Melville, la nuit

Griffures

“On les aime bien, les petites griffures de l’amour.”

Je ne me souviens plus exactement quand tu as dit ça. Je crois que tu commentais un chant d’opéra. Je ne me souviens plus vraiment ce que j’ai répondu. J’ai probablement dû aller dans ton sens. Mais en réalité, ce n’est pas mon cas. 

Je n’aime pas les griffures de l’amour. Je n’aime pas la douleur. Je n’aime pas la ressentir ni l’infliger. Je n’aime pas le drame, le conflit, le doute, l’angoisse, les reproches ou la culpabilité. J’aime l’amour serein et complice, celui qui naît de deux envies qui se rencontrent. J’aime l’amour qui construit, pas celui qui détruit. J’aime l’amour doux qui fait du bien. Je refuse la mythologie de la souffrance comme preuve et passage obligé de l’amour.

J’accueille le manque quand il existe, mais je ne veux pas, je ne veux plus de dépendance. Je cherche des camarades de jeu, des camarades de vie, pas des interlocuteurices de tragédies. 
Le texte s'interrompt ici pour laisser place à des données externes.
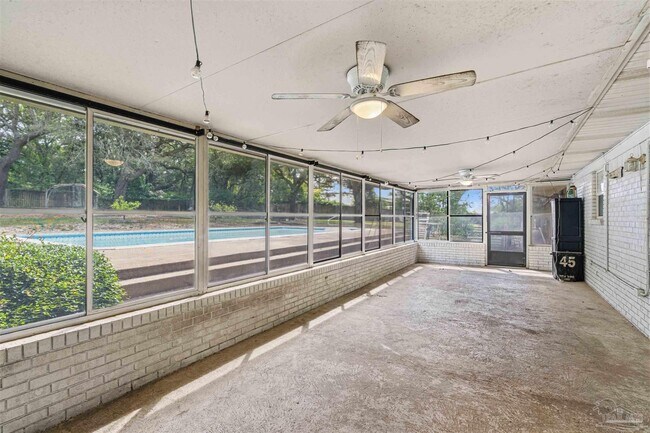 Building Photo - 3066 Rosa Del Villa Dr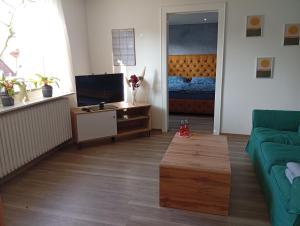 a living room with a couch and a table at Ferienwohnung Ostfriesland in Stapelmoor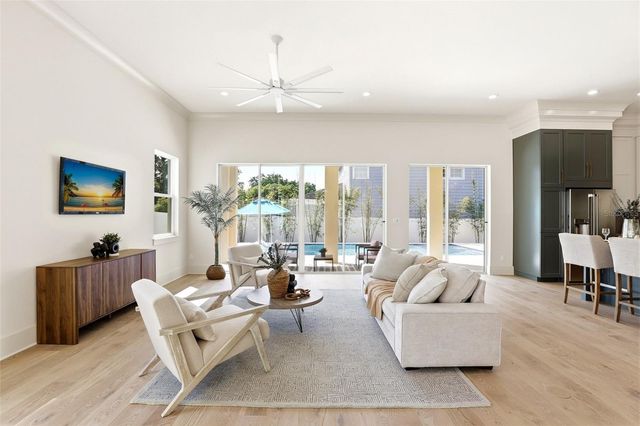 330 W PRINCETON STREET, Orlando, FL 32804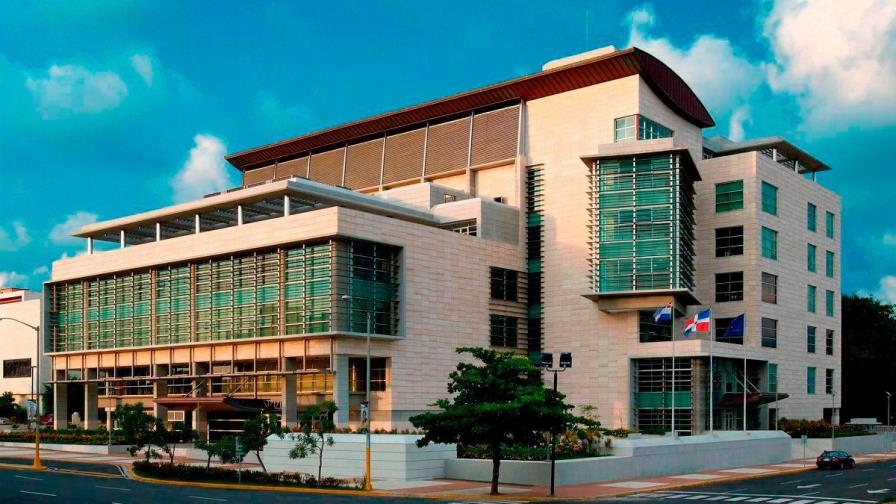 Procuraduría inicia investigación sobre lanzamiento de desechos de pozos sépticos en río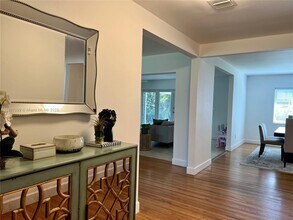 5800 SW 100th St in Miami, FL - Building Photo - Building Photo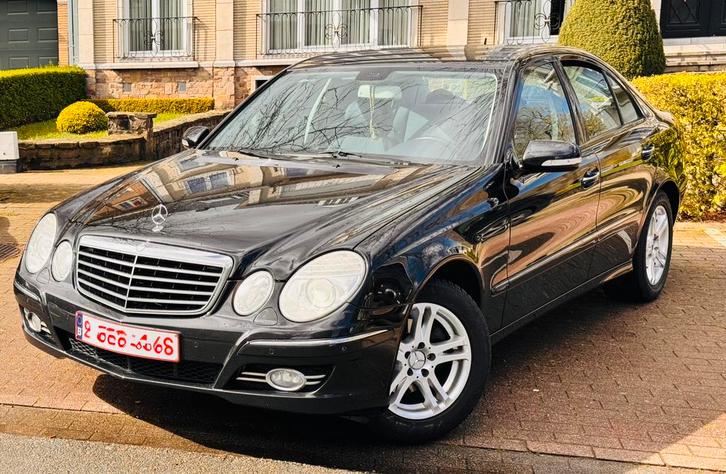 Mercedes E220 Avant-garde, Autos, Mercedes-Benz, Particulier, Classe E, Diesel, Euro 4, Berline, 4 portes, Automatique, Noir, Noir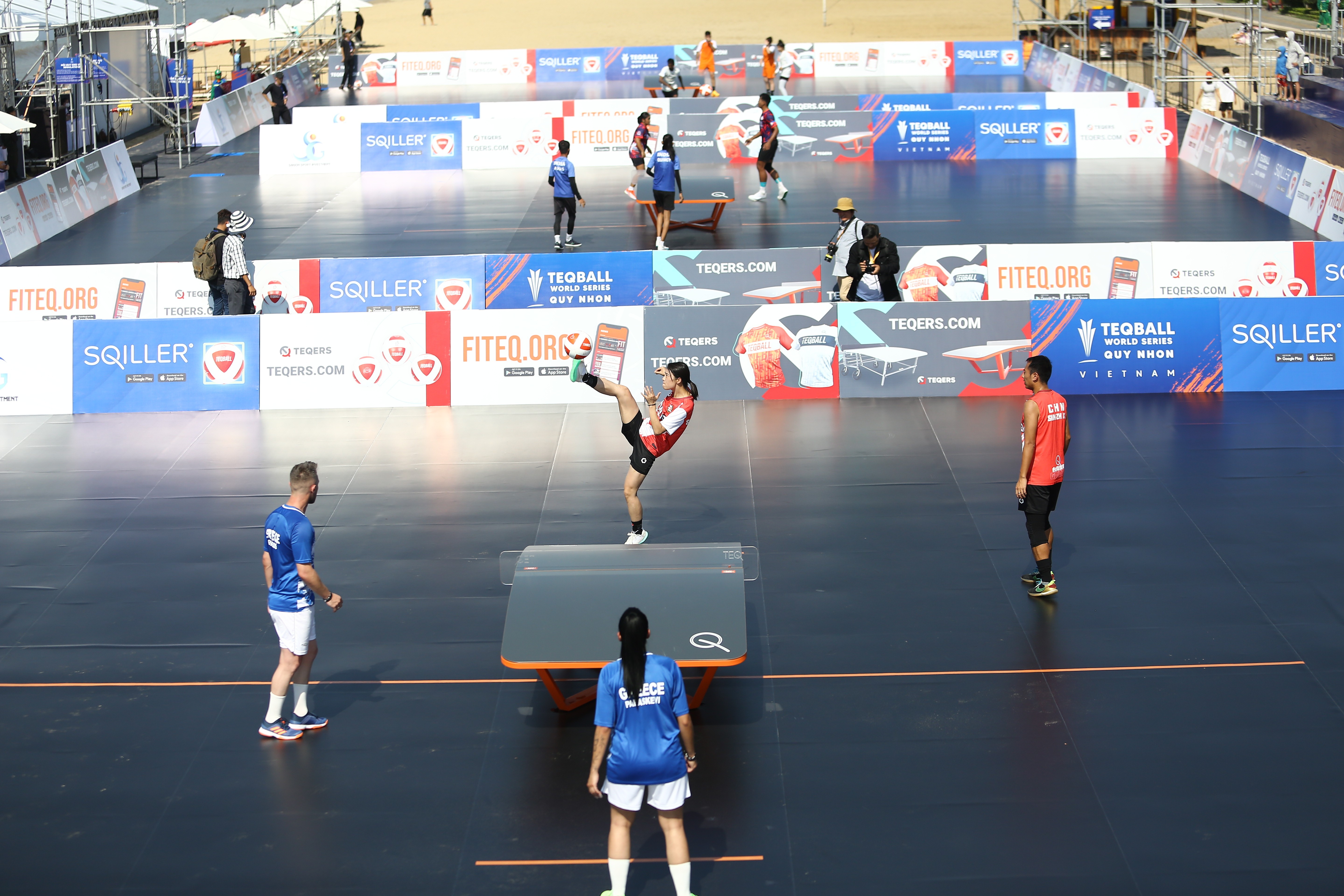 Giải khác - Khán giả “đội nắng” cổ vũ những màn tranh tài giải Teqball thế giới (Hình 2).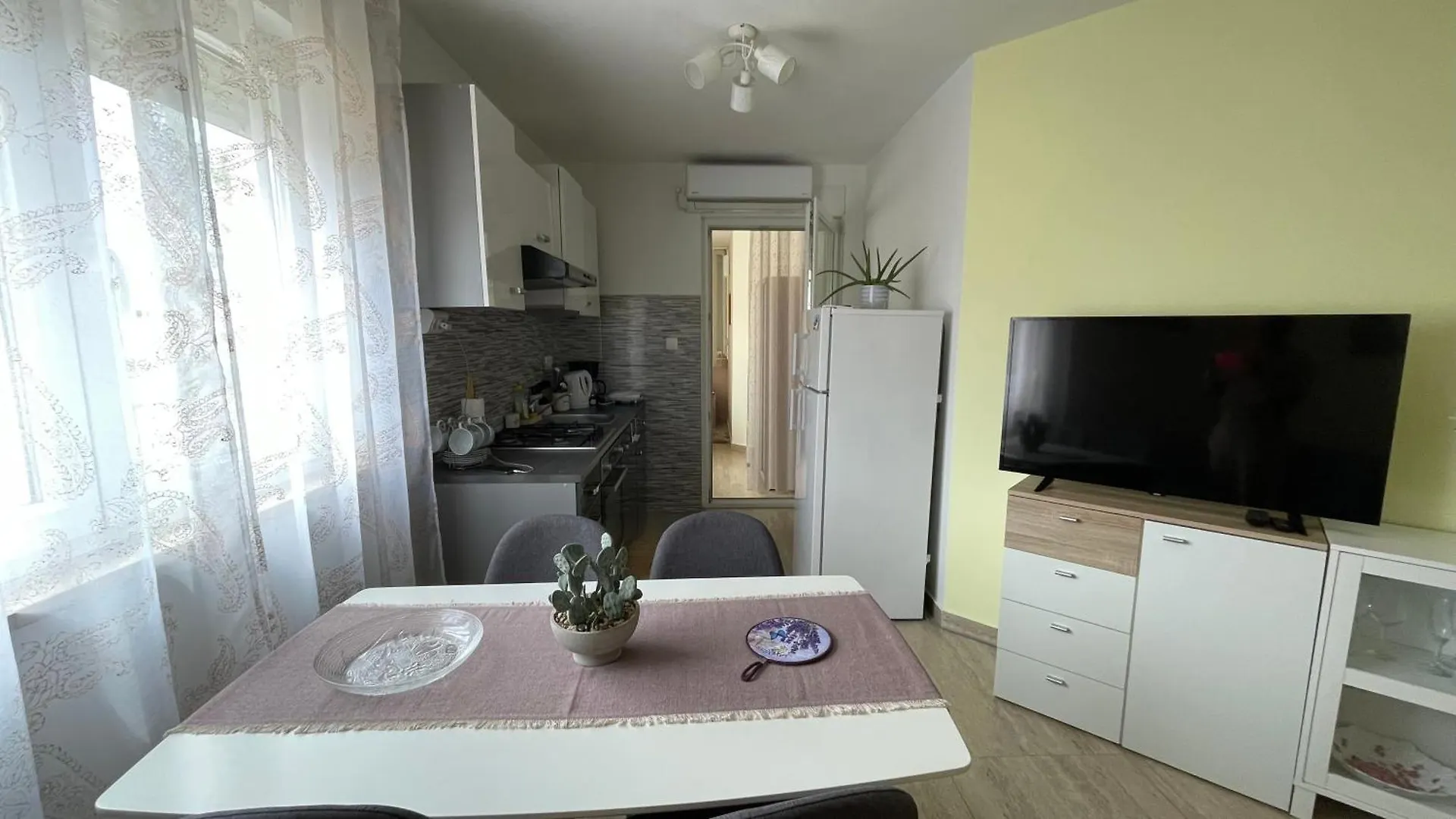 מדולין Apartment Emi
Aujourd’hui j’ai mal comme je ne veux plus jamais avoir mal. Je sens les serres dans mes viscères, les ergots dans mon cerveau. Je ne me sens pas plus vivante. Je ne me sens pas plus intense. Je me sens juste déchirée, et je ne veux pas d’amour qui m’inflige ça. 

 

“On les aime bien, les petites griffures de l’amour.”

Non. On les aime bien les petites caresses de l’amour. Les mots doux. Les attentions affectueuses. Le délassement des corps qui s’étreignent. Les regards qui donnent confiance en soi. Les mains qui s’entremêlent dans l’obscurité des salles de cinéma. Je vis pour aimer, je n’aime pas pour pleurer.